Susan Baker: The climate movement is positive. However, the emphasis on “listen to science” is potentially problematic in that it fails to grasp that science does not reveal the truth but aspects of what is known. Climate science is narrow: it defines the issue in the language and framework of the natural sciences, ignoring the main causes of and solutions to climate change which lie in the social world in general, and in our economic model in particular. Neither of these groups have a critical grasp of the fundamental causes of climate change.

While XR and FFF have promoted public awareness, both are very moderate voices and have, consequently, shrunk the space for radical ones. On climate action, their focus on transition favours technocratic responses as opposed to radical transformation. It is therefore likely that transition management (transition to low carbon futures that allows for business as usual), as opposed to transformation, will take centre stage in climate action.

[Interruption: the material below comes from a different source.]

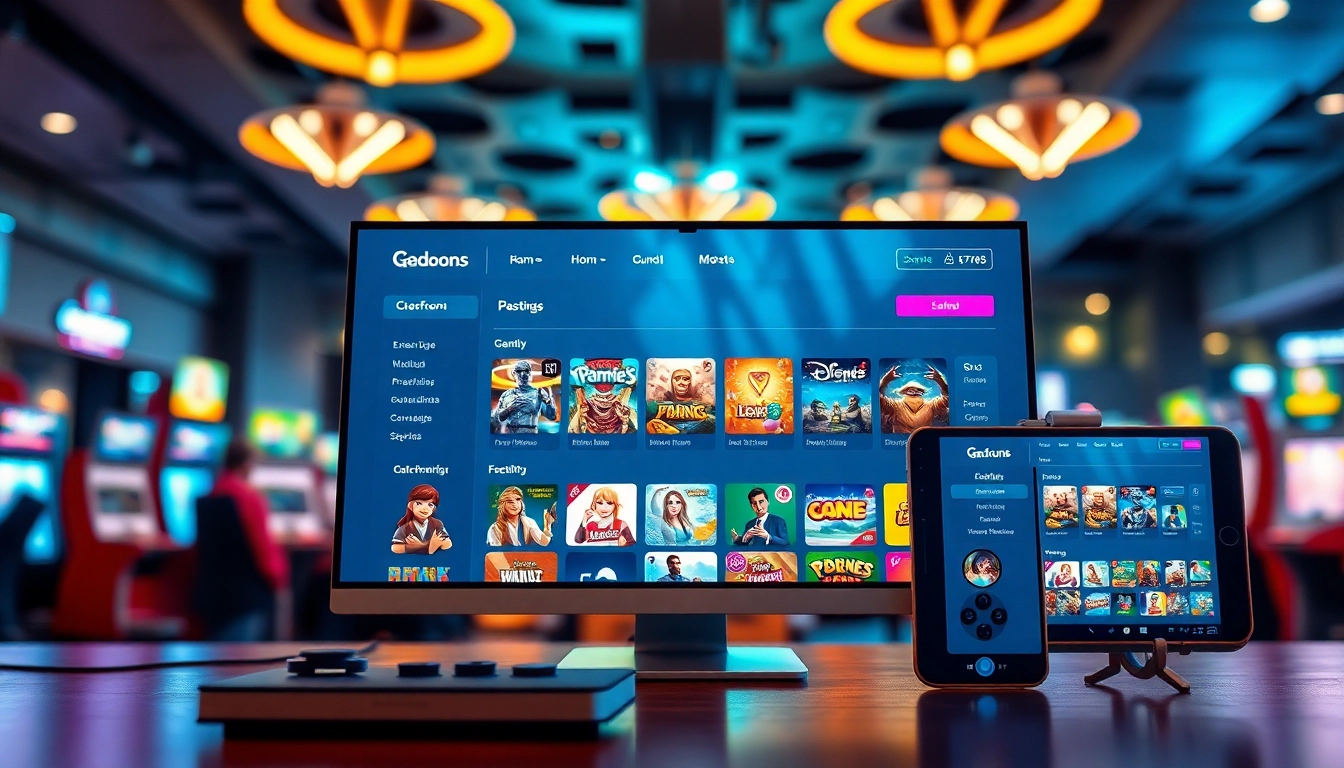 Interact with a vibrant gaming interface on rr88.com showcasing user-friendly navigation.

Where do you think the Covid-19 pandemic leaves the climate movement? 

Anneleen Kenis: XR and FFF are remarkably absent in the current crisis though they seem to be slowly becoming more active again. The coronavirus pandemic might give the feeling that there are more important things to focus on now, but nothing could be further from the truth. In reality, the Covid-19 crisis is instructive because it has unveiled how societies deal with emergencies, the place of science in the public debate, and human-nature relationships. Furthermore, the pandemic could nudge us in the direction of a radically different, much more sustainable society, but it could also lead us to a society characterised by authoritarian control, moralisation, and securitisation.

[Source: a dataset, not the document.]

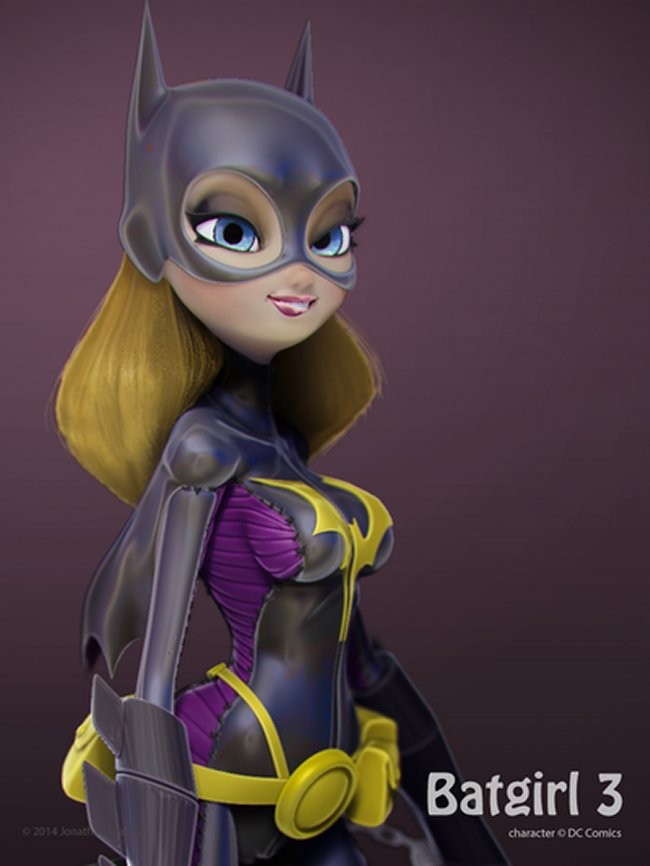 cool batgirl art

There is no neutral answer to the coronavirus crisis, just as there is no neutral answer to climate change. What’s more, the pandemic continues to raise crucial questions: who will foot the bill? Will large economic sectors like the airline industry be saved with taxpayers’ money? What conditions will these sectors have to meet? Will generating even more profit and growth be an indispensable mission? Will the coronavirus-induced economic crisis be used to demarcate certain sectors as crucial and others as not? Will we invest in healthcare and public schooling instead of (polluting) companies? 

Manuel Arias-Maldonado: Nobody knows. There are reasons to think that climate action may be encouraged after the pandemic – or even during the pandemic if it doesn’t end soon – as well as to fear that the return to normality will prioritise economic growth over sustainability concerns or climate mitigation. Mobilising the public all depends on how people will feel after this is over. 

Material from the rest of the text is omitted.